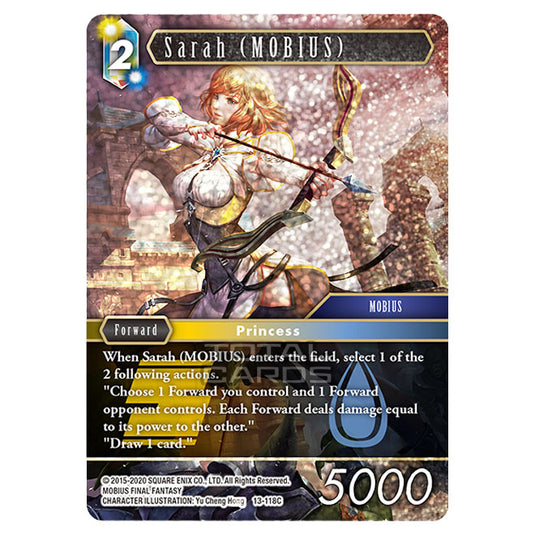 Final Fantasy - Opus 13 - Sarah (MOBIUS) - (13-118C) (Foil)
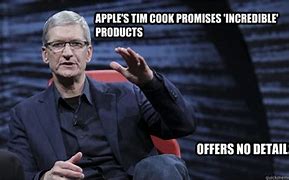 Image result for Tim Cook Keynote Meme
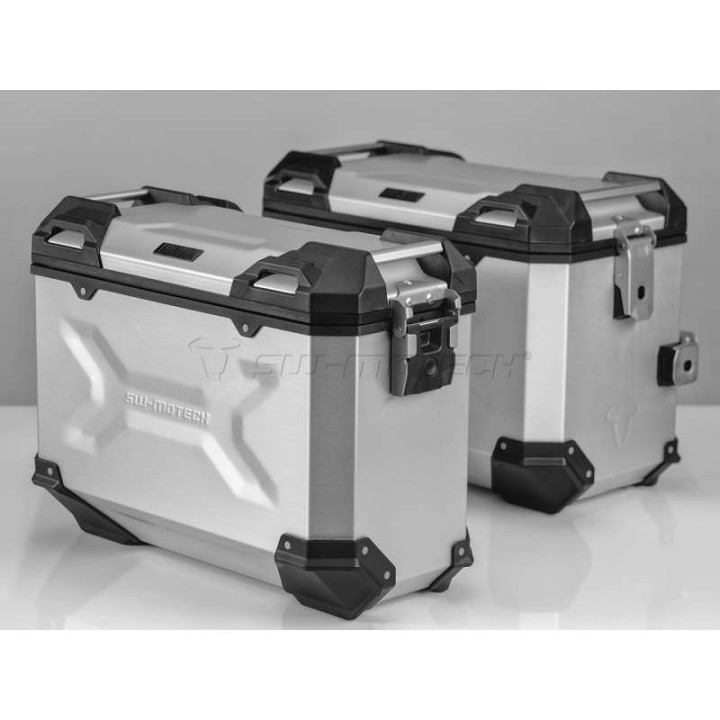 SW-Motech TraX ADVENTURE aluminium case kit BMW R1200GS LC R1250GS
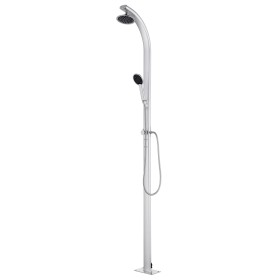 Aluminium-Gartendusche 215 cm von vidaXL, Pool- und Spa-Zubehör - Ref: Foro24-315943, Preis: 185,46 €, Rabatt: %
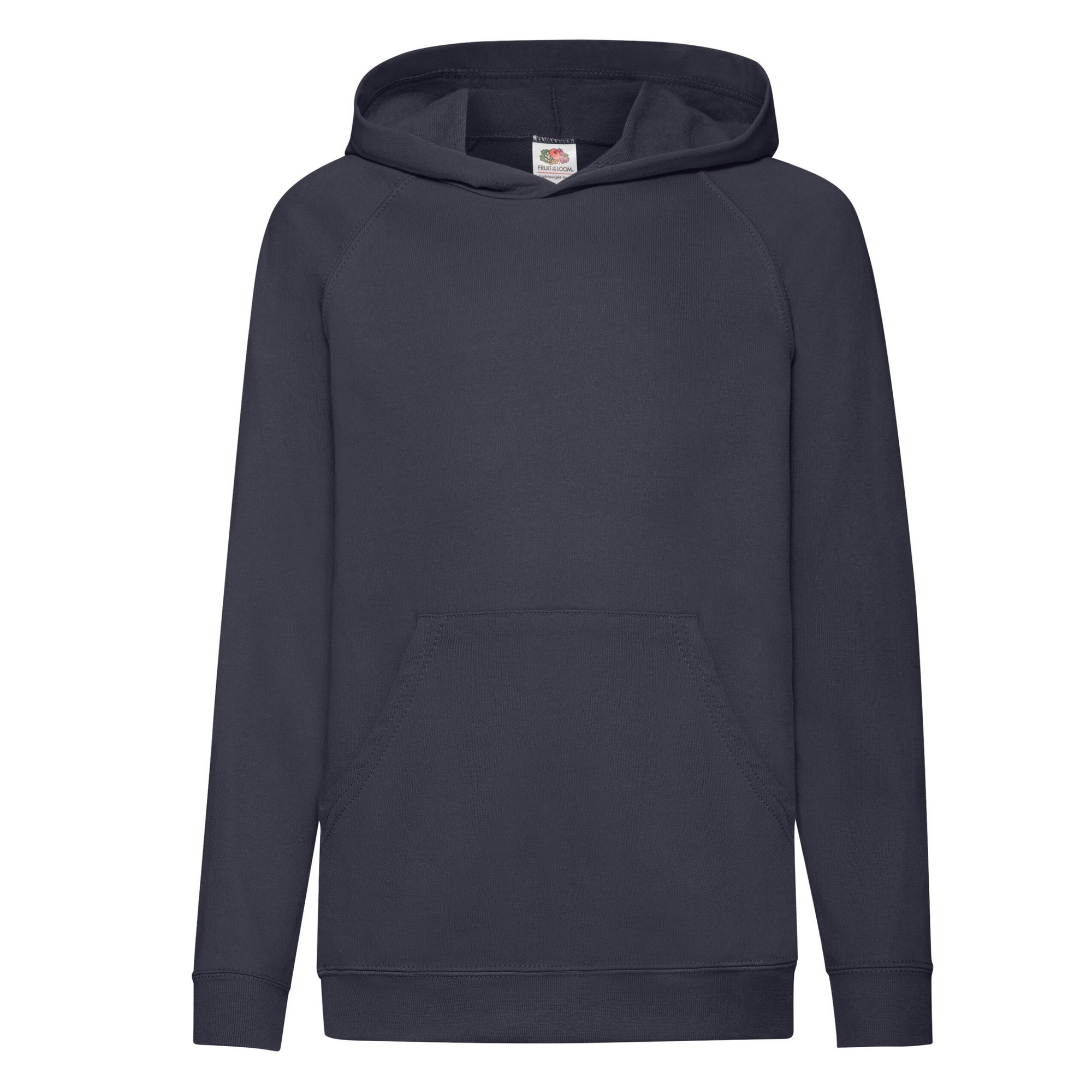 Fruit of the Loom Lichtgewicht hoodie kinderen/kinderen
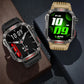 New For Huawei Xiaomi Military GPS Smart Watch Men Flashlight Compass Waterproof Outdoor Sport Tracker Bluetooth Call Smartwatch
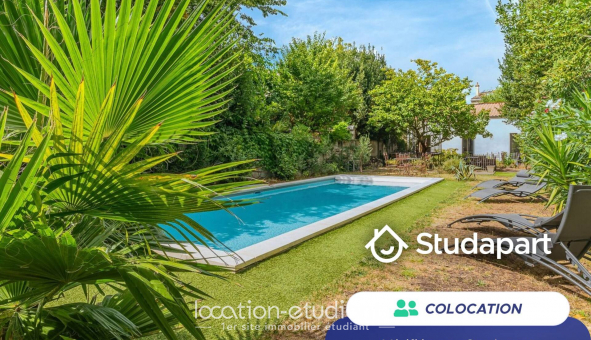 Colocation tudiante Studio à Bordeaux (33300)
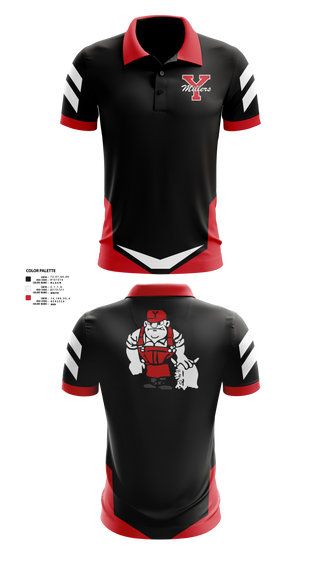 Short Sleeve Performance Polo, Yukon High School Golf, Golf, Teamtime, Team time, sublimation, custom sports apparel, team uniforms, spirit wear, spiritwear, sports uniforms, custom shirts, team store, custom team store, fundraiser sports, apparel fundraiser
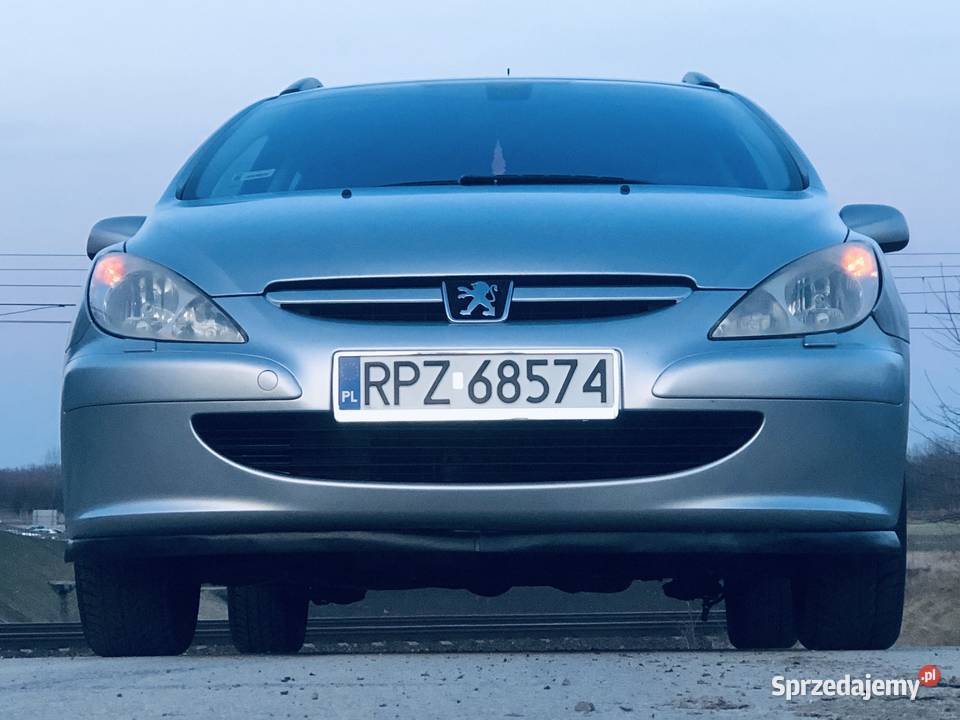 Peugeot 307 Combi 20 16V 136 Benzyna podkarpackie Przeworsk sprzedam
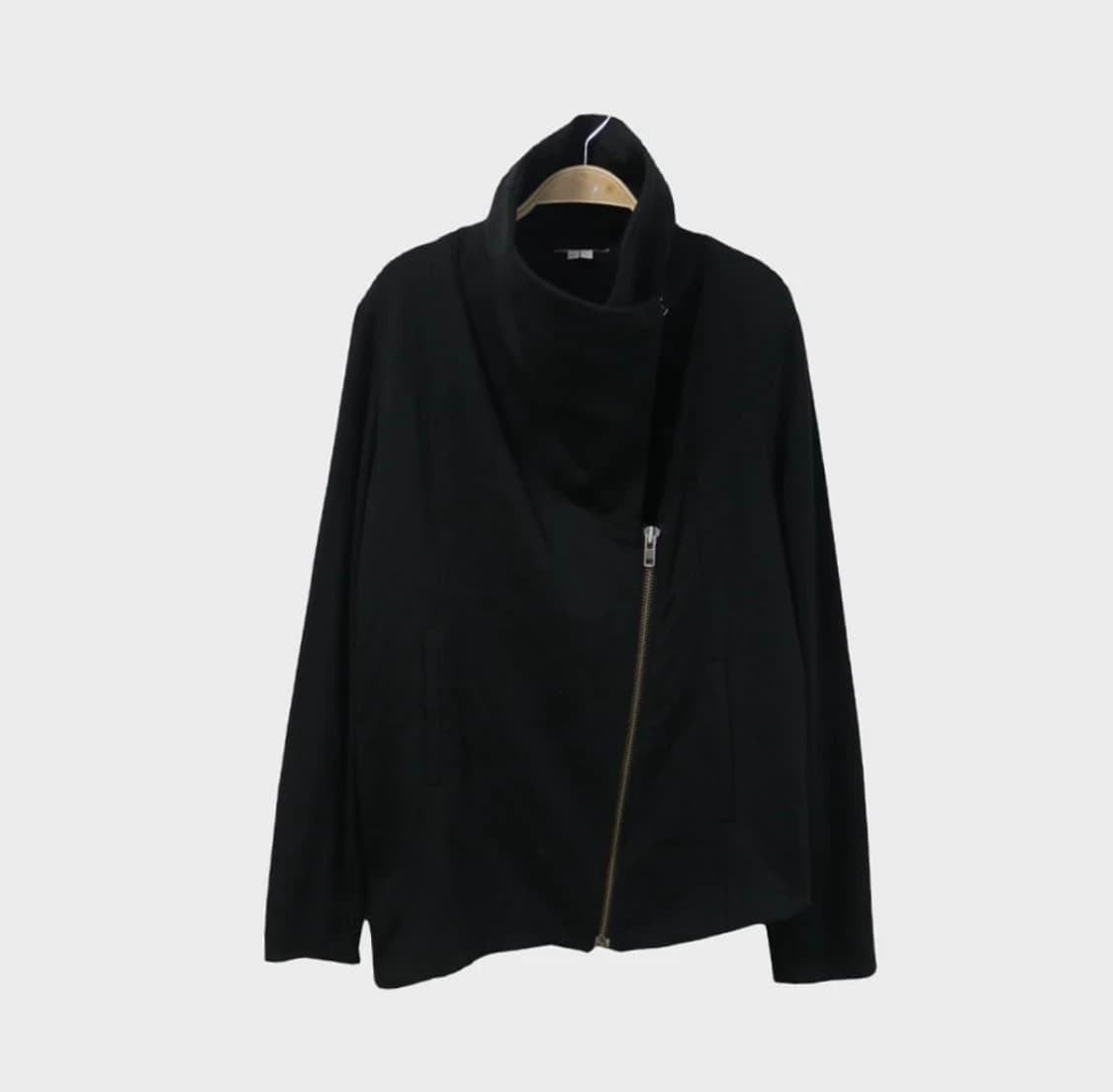 Helmut lang asymmetric zip-up 상품이미지1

■ TASK PROMPT: Output the entries above verbatim. Omit the images.

■ TASK RESPONSE:
 Final Fantasy - Opus 13 - Sarah (MOBIUS) - (13-118C) (Foil)
 Image result for Tim Cook Keynote Meme
 SW-Motech TraX ADVENTURE aluminium case kit BMW R1200GS LC R1250GS
 Aluminium-Gartendusche 215 cm von vidaXL, Pool- und Spa-Zubehör - Ref: Foro24-315943, Preis: 185,46 €, Rabatt: %
 Fruit of the Loom Lichtgewicht hoodie kinderen/kinderen
 New For Huawei Xiaomi Military GPS Smart Watch Men Flashlight Compass Waterproof Outdoor Sport Tracker Bluetooth Call Smartwatch
 Colocation tudiante Studio à Bordeaux (33300)
 Short Sleeve Performance Polo, Yukon High School Golf, Golf, Teamtime, Team time, sublimation, custom sports apparel, team uniforms, spirit wear, spiritwear, sports uniforms, custom shirts, team store, custom team store, fundraiser sports, apparel fundraiser
 Peugeot 307 Combi 20 16V 136 Benzyna podkarpackie Przeworsk sprzedam
 Helmut lang asymmetric zip-up 상품이미지1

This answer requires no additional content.